_What to produce_. From the entries below, copy exactly the lines from the one that contains "Little Cow Finger" through the one that contains "Montre TISSOT PRX", both included, and only those.

_Data under study_.
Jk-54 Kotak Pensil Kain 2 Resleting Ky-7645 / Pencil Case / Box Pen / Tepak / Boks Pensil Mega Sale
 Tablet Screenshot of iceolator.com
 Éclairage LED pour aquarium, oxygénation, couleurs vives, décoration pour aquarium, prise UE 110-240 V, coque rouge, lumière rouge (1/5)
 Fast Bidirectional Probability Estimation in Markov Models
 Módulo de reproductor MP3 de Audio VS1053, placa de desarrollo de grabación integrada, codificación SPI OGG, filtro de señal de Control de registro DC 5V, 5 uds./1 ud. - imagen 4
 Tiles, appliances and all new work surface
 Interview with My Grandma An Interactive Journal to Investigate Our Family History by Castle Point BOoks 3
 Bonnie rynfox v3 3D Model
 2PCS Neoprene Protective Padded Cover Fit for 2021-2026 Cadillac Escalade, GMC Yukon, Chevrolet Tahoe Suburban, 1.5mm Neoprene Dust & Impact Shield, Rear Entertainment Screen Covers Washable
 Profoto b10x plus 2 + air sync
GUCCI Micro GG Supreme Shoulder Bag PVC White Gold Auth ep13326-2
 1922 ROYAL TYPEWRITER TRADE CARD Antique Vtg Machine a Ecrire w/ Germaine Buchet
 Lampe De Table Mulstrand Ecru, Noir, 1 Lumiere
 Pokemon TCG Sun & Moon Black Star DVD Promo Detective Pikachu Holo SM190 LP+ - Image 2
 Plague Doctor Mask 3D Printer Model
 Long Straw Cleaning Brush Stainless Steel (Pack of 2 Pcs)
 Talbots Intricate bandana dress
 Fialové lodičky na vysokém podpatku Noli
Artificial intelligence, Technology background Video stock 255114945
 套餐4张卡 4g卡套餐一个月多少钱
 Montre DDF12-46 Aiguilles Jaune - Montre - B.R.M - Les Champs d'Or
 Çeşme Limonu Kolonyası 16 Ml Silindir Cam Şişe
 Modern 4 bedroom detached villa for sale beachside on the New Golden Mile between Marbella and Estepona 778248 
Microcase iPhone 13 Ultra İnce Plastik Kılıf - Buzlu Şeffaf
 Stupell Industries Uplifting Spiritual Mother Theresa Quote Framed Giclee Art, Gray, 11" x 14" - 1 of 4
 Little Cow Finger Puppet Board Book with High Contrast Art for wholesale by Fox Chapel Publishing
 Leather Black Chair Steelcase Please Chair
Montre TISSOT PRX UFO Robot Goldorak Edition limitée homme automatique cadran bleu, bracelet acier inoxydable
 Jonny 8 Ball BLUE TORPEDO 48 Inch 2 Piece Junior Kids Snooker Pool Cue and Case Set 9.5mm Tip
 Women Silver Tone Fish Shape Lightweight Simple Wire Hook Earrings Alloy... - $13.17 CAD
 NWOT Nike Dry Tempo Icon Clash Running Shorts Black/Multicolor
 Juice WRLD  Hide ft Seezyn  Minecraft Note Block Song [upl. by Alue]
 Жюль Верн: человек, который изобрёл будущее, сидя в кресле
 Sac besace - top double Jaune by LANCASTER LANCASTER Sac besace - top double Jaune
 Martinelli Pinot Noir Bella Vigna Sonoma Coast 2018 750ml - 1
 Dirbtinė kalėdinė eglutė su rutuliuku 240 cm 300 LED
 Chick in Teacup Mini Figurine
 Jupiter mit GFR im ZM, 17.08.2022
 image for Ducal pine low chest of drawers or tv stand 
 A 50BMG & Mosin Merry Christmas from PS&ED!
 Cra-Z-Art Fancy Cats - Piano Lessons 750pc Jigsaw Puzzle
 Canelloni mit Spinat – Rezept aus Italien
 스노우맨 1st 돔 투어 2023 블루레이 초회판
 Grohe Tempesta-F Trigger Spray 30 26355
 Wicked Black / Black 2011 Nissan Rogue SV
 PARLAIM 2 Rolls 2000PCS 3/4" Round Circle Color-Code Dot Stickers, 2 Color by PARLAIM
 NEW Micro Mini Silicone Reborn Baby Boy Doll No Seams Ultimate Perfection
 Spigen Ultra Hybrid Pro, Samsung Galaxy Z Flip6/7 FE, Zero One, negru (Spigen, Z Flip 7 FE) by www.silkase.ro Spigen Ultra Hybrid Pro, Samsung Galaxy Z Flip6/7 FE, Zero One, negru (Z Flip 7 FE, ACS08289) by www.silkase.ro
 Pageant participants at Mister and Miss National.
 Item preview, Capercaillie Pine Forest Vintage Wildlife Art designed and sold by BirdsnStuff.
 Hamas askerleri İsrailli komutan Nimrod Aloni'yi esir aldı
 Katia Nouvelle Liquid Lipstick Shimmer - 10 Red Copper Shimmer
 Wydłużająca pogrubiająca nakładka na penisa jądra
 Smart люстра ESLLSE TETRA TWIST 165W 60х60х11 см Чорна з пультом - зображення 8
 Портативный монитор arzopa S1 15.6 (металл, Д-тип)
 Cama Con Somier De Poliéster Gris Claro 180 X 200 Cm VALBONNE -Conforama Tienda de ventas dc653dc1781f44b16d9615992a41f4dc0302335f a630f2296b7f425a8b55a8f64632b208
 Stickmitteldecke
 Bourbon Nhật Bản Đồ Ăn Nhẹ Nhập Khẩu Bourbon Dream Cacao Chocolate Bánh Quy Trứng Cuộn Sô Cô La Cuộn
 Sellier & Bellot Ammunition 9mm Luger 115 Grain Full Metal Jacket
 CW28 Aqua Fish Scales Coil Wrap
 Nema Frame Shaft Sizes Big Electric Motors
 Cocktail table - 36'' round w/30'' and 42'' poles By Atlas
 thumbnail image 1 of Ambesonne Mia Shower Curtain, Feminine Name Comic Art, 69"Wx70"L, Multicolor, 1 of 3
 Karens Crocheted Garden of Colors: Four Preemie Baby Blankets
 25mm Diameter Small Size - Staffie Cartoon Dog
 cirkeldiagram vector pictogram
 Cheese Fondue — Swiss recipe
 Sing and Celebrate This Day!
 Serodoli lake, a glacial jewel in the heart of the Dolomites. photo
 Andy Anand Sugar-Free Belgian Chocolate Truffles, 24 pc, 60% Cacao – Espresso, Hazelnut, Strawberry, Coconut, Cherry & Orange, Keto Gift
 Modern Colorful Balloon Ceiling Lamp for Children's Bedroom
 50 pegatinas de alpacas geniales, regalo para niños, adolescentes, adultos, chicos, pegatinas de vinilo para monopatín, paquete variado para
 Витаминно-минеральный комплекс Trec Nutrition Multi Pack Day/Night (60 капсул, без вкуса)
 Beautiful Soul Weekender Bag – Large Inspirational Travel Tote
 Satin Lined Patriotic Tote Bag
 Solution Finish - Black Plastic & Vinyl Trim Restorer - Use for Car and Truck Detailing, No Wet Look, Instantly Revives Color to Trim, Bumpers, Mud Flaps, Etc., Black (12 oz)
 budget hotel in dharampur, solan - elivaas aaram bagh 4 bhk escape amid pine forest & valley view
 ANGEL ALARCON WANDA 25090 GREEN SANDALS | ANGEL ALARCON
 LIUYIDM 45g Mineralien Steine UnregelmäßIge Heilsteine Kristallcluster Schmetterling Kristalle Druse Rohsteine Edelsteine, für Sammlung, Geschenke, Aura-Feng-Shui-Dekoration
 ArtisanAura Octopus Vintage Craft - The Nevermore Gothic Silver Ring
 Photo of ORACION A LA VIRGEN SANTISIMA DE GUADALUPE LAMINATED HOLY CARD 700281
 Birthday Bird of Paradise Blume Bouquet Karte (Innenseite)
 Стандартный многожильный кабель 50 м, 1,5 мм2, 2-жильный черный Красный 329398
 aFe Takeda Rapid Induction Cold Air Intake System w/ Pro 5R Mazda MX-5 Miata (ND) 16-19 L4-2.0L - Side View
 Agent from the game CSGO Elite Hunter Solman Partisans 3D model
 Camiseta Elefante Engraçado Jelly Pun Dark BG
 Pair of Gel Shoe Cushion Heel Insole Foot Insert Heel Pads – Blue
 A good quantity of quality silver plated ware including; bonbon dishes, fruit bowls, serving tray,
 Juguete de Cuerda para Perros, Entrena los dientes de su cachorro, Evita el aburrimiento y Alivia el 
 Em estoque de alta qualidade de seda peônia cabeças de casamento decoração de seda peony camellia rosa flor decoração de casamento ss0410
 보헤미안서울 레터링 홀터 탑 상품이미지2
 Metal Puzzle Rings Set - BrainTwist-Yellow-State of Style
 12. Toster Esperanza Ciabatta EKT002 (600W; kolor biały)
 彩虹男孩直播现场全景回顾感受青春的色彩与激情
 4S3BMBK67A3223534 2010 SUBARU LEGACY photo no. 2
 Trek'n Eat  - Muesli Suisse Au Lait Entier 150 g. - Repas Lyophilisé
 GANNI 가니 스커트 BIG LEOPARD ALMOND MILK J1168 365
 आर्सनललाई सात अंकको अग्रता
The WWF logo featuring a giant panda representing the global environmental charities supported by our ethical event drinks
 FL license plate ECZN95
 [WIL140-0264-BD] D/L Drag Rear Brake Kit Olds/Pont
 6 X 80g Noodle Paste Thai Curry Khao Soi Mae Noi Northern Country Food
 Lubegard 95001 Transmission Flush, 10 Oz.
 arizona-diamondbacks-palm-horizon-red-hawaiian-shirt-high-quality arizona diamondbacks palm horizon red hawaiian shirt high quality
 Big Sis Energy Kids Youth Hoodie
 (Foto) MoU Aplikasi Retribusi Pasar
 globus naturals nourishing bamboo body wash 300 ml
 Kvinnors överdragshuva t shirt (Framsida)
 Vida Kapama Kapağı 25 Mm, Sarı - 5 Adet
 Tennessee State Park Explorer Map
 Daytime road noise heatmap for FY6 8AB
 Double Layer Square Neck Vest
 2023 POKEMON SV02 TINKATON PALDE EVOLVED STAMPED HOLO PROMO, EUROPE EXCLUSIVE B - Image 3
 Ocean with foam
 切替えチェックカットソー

_Response to the task_.
 Little Cow Finger Puppet Board Book with High Contrast Art for wholesale by Fox Chapel Publishing
 Leather Black Chair Steelcase Please Chair
Montre TISSOT PRX UFO Robot Goldorak Edition limitée homme automatique cadran bleu, bracelet acier inoxydable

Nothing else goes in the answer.